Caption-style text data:
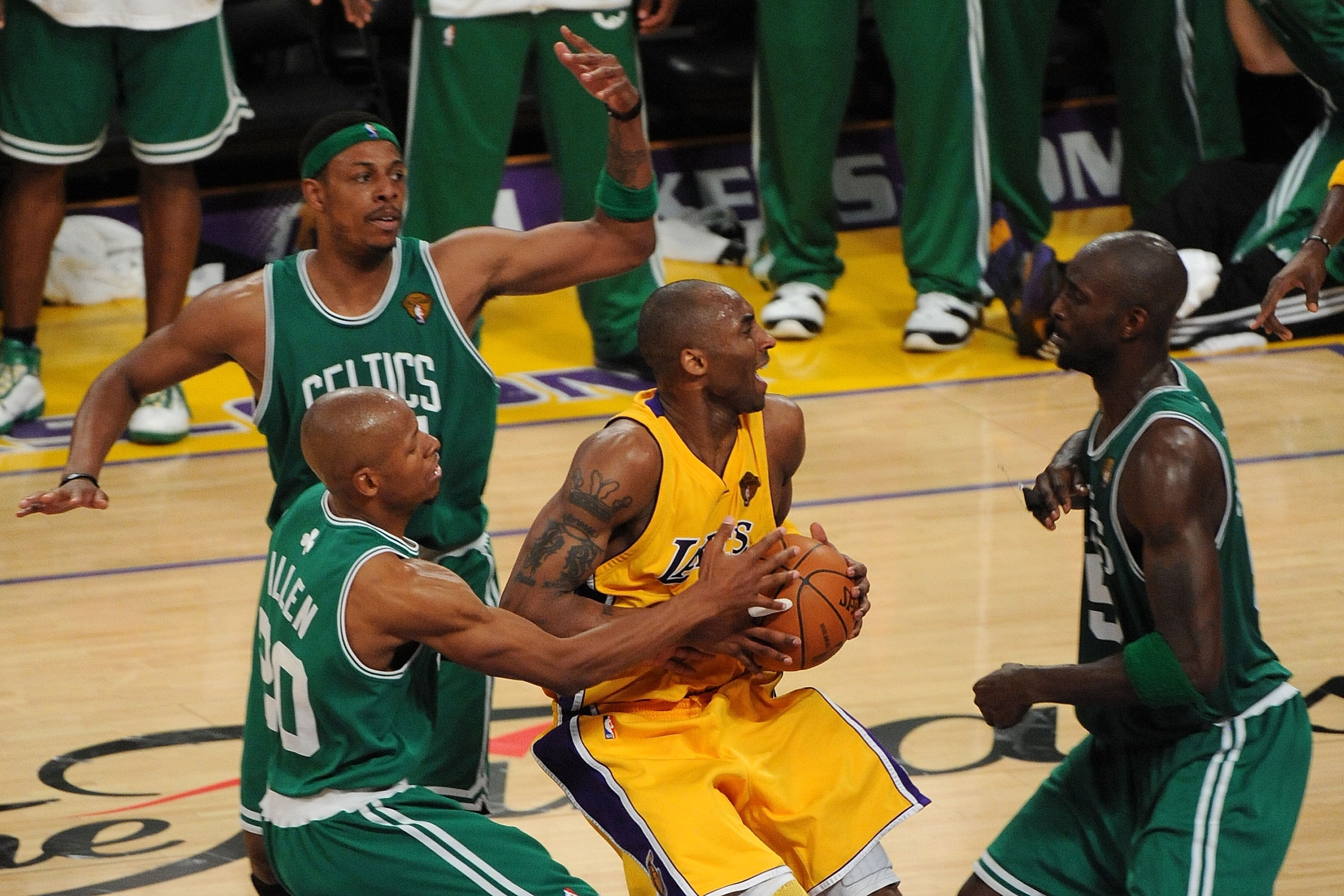 LOS ANGELES, CA - JUNE 17:  Kobe Bryant #24 of the Los Angeles Lakers drives between Ray Allen #20, Kevin Garnett #5 and Paul Pierce #34 of the Boston Celtics in the third quarter of Game Seven of the 2010 NBA Finals at Staples Center on June 17, 2010 in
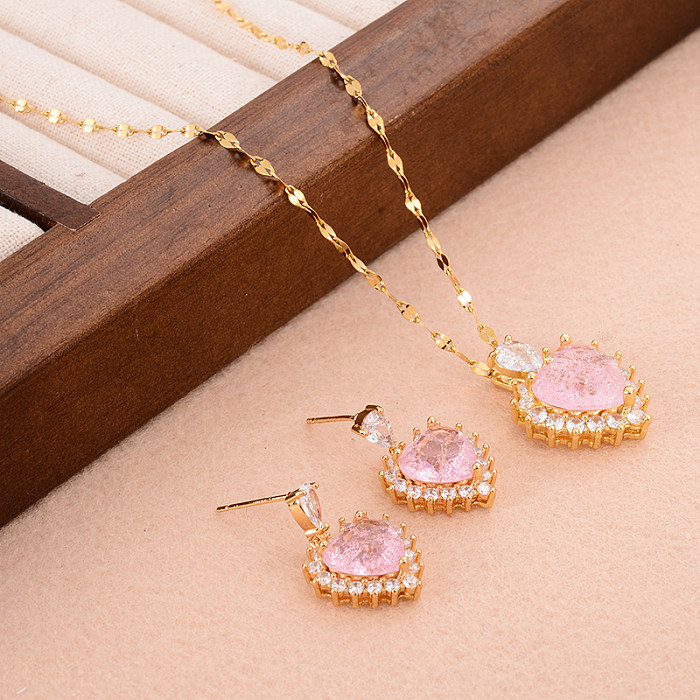 Conjunto de joyería y collar con pendientes chapados en oro con incrustaciones de cobre y forma de corazón dulce estilo IG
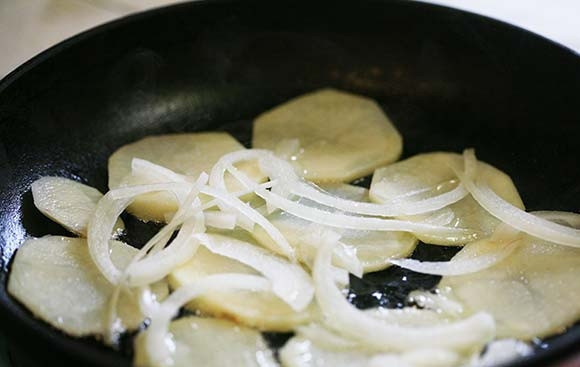 1. Этап. Домашняя жареная картошка с луком: 1. Картофель очистите от кожуры и нарежьте тонкими кружочками. Очистите лук от шелухи, затем нарежьте его тонкими кольцами. Сковороду отправьте на огонь, разогрейте с растительным маслом. Выложите картофель в один слой, затем добавьте лук.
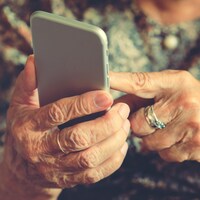 Les mains d'une femme âgée sur un téléphone cellulaire.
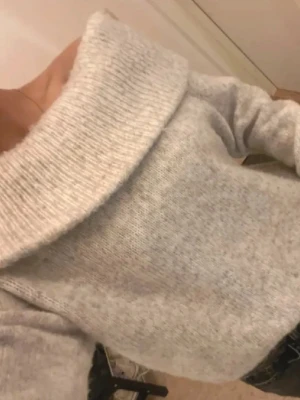 Ljusgrå off shoulder stickad tröja - Mysig ljusgrå stickad tröja med bred off shoulder-krage. Tröjan har en avslappnad passform och långa ärmar, perfekt för lager på lager. Materialet ser ut att vara mjukt och skönt, troligen en ull- eller akrylblandning. Passar sofrlek S med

*INSTRUCTIONS TO FOLLOW:* Print the lines from the one holding "Les mains d'une" through the last line of the records, word for word, and omit the pictures.

*OUTPUT OF THE TASK:*
 Les mains d'une femme âgée sur un téléphone cellulaire.
 Ljusgrå off shoulder stickad tröja - Mysig ljusgrå stickad tröja med bred off shoulder-krage. Tröjan har en avslappnad passform och långa ärmar, perfekt för lager på lager. Materialet ser ut att vara mjukt och skönt, troligen en ull- eller akrylblandning. Passar sofrlek S med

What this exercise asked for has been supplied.